Offer Letter, dated as of February 17, 2017, by and between Tenable Network Security, Inc. and John Negron

EX-10.9 15 d548092dex109.htm EX-10.9 EX-10.9

Exhibit 10.9

 

  

Tenable Network Security Inc.

7021 Columbia Gateway Drive, Suite 500

Columbia, MD 21046

410 ###-###-####

www.tenable.com

 

February 17, 2017

John Negron

Re: John Negron Offer Letter (“Offer Letter”)

Dear John:

On behalf of Tenable Network Security, Inc. (“Tenable”), I am pleased to offer you employment in the position of Chief Revenue Officer (with responsibility for World Wide Sales), reporting to me, Tenable’s Chief Executive Officer. This letter sets out the terms of your employment with Tenable, which will start on February 27, 2017 (“Commencement Date”).

As the Chief Revenue Officer, you will be paid a starting base salary of $300,000 per year, less applicable tax and other withholdings in accordance with Tenable’s normal payroll procedure which is semi-monthly (the 7th and the 22nd). You will be eligible to participate in Tenable’s Quarterly Bonus Program, with an annual target bonus equal to up to $285,000 (equivalent to up to 95% of your annual base salary). The actual bonus earned by you (which may be more or less than the annual target) will be based on key financial performance metrics determined by Tenable in its annual Corporate Plan and your achievement of objectives as determined by me. The Quarterly Bonus is prorated based on your start date and subject to normal payroll deductions and to the terms and conditions of Tenable’s discretionary incentive compensation plan in force at that time. Any bonus earned in 2017 will be pro-rated to reflect the number of days in such year that you actually worked as an employee of Tenable.

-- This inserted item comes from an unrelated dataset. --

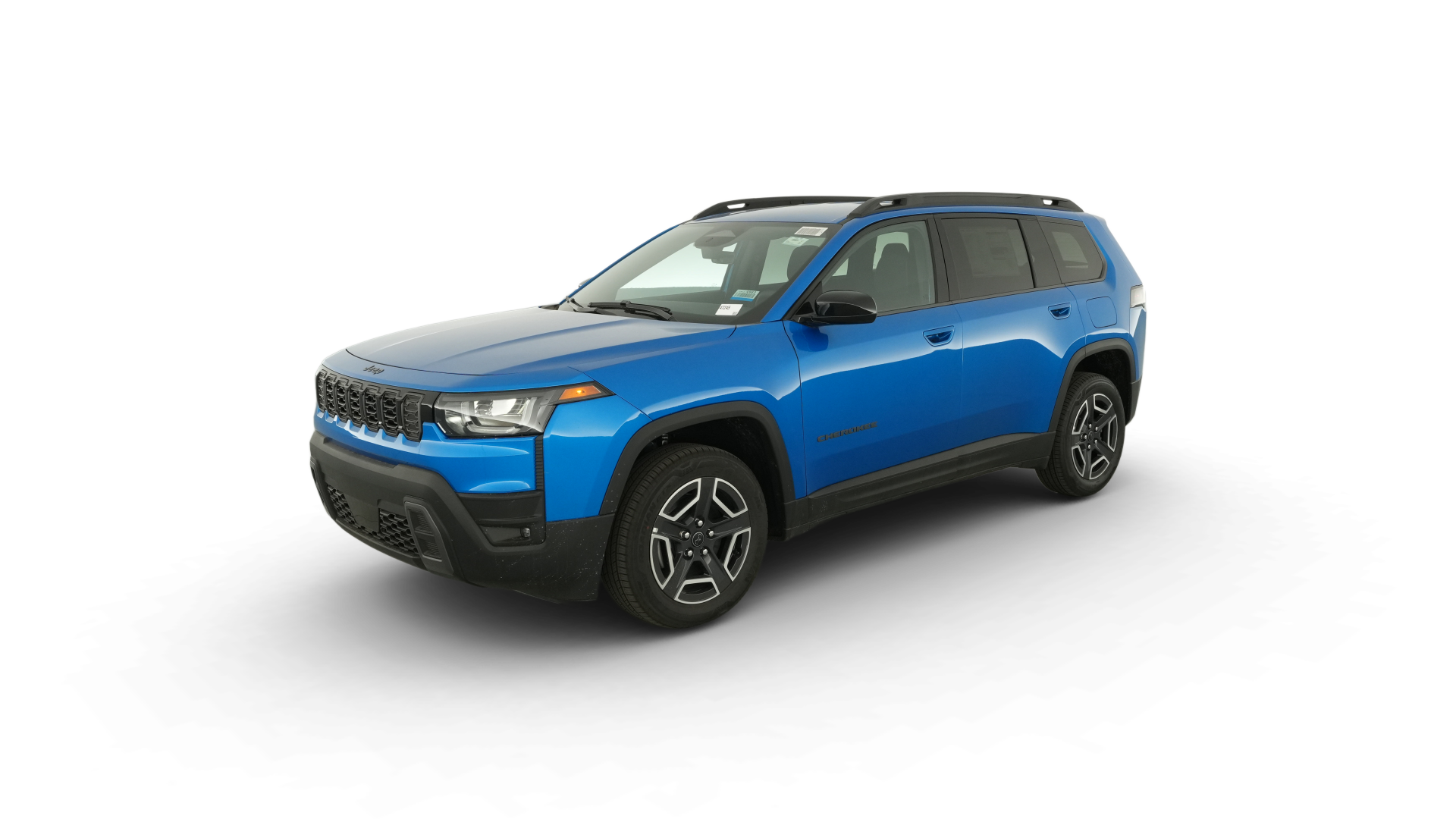 2026 Jeep Cherokee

You will also be eligible for paid time off, group health, dental, 401(k) and disability benefits on the same basis as similar situated employees of Tenable, commencing as of the first of the month following your Commencement Date. In the event you opt out of Tenable’s aforementioned benefits program and continue participation in your current plan, your base salary will be increased by $1,000 per month ($12,000 per year) to assist you in funding your cost of participation in such plan. If at some later date you elect to obtain coverage from Tenable, this funding assistance will cease effective on the date your Tenable coverage commences. Tenable expressly reserves the right to change the benefits plans and programs it offers to employees at any time. Tenable has an Executive Long Term Disability benefit provided by Unum (“LTD”). This benefit is available to VPs and executives with a minimum salary of $200,000.00. The basic LTD benefit provided to the U.S. workforce through Metlife has a maximum payment of $10,000.00 a month. This supplemental plan through Unum was procured to provide the additional coverage for a long-term disability. The plan is portable, mandatory, and employee paid.

Given the senior nature of this position, we will request the Board of Directors of Tenable Holdings, Inc. approve a grant of an option to purchase six hundred twenty thousand (620,000) shares of Tenable Holdings, Inc. common stock (the “Option”), based on the share count that Tenable Holdings, Inc. currently anticipates will exist on your start date. The current exercise price is $4.25. One-quarter (1/4th) of the Option will vest based on your continued employment on the first year anniversary of your first day of work, with the remainder of the Option vesting over the subsequent three (3) years period on an equal, quarterly basis subject to your continued employment. For sake of clarity, the Option shall be designated as an “incentive stock option” to the maximum extent possible.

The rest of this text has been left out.